Quer uma dica para encerrar o seu fim de semana? Leia a entrevista do historiador Bóris Fausto publicada neste sábado no UOL. Deixe de lado as preferências políticas pessoais dele, tão legítimas como as suas. Abandone as luvas de boxe com que participa desse inútil e triste UFC intelectual que virou o país e reflita a partir do pensamento de um dos maiores historiadores deste país (aliás, se você não possui nem deixa próximo de sua mesa de cabeceira, procure nas livrarias a fundamental História do Brasil de Bóris Fausto).
O ponto central da entrevista é a avaliação de Bóris Fausto de que o processo de impeachment contra a ex-presidente Dilma Rousseff abriu sobre o Brasil uma Caixa de Pandora. De onde saem fatos e monstros de consequências imprevisíveis e incontroláveis.
Como afirma já ao final da sua entrevista, Fausto não foi contra o impeachment de Dilma. Menos pelas tais pedaladas fiscais e mais pelo estado de total ingovernabilidade em que se encontrava o país. O problema é que o impeachment não trouxe tal governabilidade de volta. Pelo contrário, desprendeu do país reações complicadas e violentas, cujas consequências são impossíveis de se prever.
Começa pelo fato, diz o historiador, de as motivações de cada um dos parlamentares que participou do processo terem sido muito mais pessoais que cívicas. Pesou no processo como o impeachment poderiam salvar a própria pele de muitos, ou de que forma aquilo poderia contribuir para as ambições futuras de cada um. Aquilo que ficou patente na já célebre conversa do senador Romero Jucá (PMDB-RR) com o ex-presidente da Transpetro Sérgio Machado: a construção de um grande “acordo nacional” que limitasse o processo da Lava-Jato no PT e o concluísse em Dilma, livrando a cara dos demais.
Ocorre que nem todo mundo aceitou participar do tal “acordo”. Bóris Fausto observa que a Lava-Jato pode estar correndo perigos, mas ela não parou. Ao contrário: como um dos primeiros fatos que veio na sequência, o próprio presidente Michel Temer viu-se como um dos principais alvos das denúncias. Assim, um governo que não era legitimado pelo voto viu-se com imensas dificuldades de se legitimar de alguma outra forma, já que seu comandante encontra-se enrolado na mesma teia que enredou sua antecessora e o partido dela.

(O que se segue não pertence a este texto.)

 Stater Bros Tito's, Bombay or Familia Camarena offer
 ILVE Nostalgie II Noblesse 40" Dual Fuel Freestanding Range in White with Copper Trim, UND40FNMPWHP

Uma situação que leva a um desencanto generalizado com a política, com seus atores e partidos. Partidos que já eram enfraquecidos pelo fato de não terem, a quase totalidade, sequer a sombra da consistência ideológica que chegaram ter os partidos da nossa experiência democrática anterior, de 1945 a 1964. Desse caldo emerge uma figura como Jair Bolsonaro, como expressão de certa vocação autoritária brasileira, que em outras épocas subiu ao poder pelo golpe, mas que talvez agora tenha alguma chance de se legitimar pelo voto.

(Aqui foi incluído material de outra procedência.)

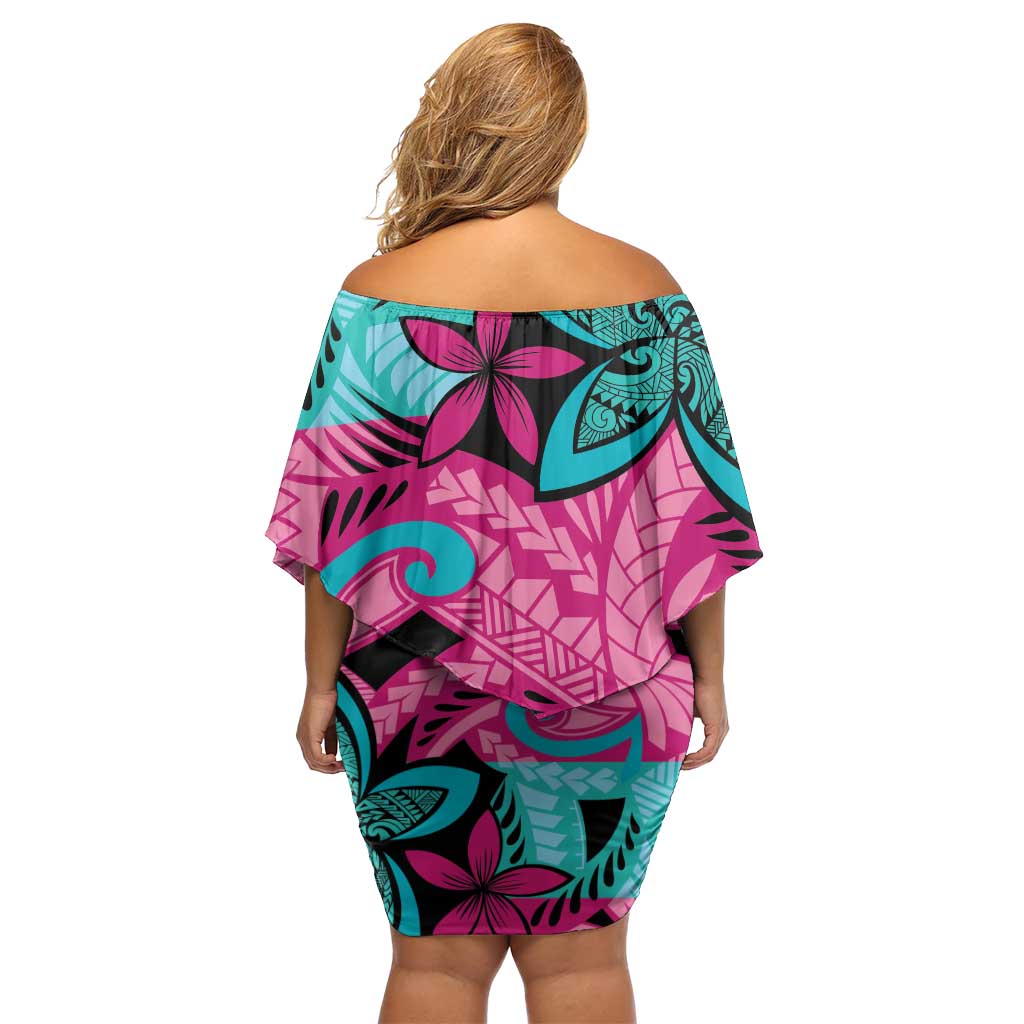 Plumeria Polynesian Pattern Off Shoulder Short Dress Unique Fantasy Pink Teal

Que leva à total desarmonia entre os Poderes. Um Legislativo já de algum tempo desmoralizado. Um Executivo com os problemas apontados acima de legitimidade. E um Judiciário que ocupa o vácuo, legislando e tomando decisões administrativas (como a decisão de impedir a posse da deputada Cristiane Brasil no Ministério do Trabalho).
Num cenário onde tudo se torna questionável, partidarizado, politizado ao extremo, lidera as pesquisas de intenção de voto o ex-presidente Luiz Inácio Lula da Silva, condenado em segunda instância, num quadro, portanto, de total incerteza jurídica. Numa estratégia de desafio e confronto que, em alguns momentos e por conta de alguns personagens, derrapa para o perigoso flerte com a desobediência civil.
Bóris Fausto observa que estamos longe de ter no Brasil “uma democracia plena e consolidada”. Até porque tivemos o mau hábito de seguidamente interromper esse processo com aventuras autoritárias. Assim, esse quadro todo coloca em risco tudo pelo que se lutou e que se conquistou desde 1985, quando se derrubou a ditadura militar.
Ele mostra-se otimista com a possibilidade de as eleições de outubro conseguirem dar um freio de arrumação nisso tudo, com a eleição de um presidente legitimado pelo voto. Tomara que Bóris Fausto tenha razão. A leitura desapaixonada das avaliações de pessoas com o grau de conhecimento e a capacidade de análise como Bóris Fausto nos ajudaria. Mais reflexão e menos FlaXFlu nos ajudará a sair desse enrosco.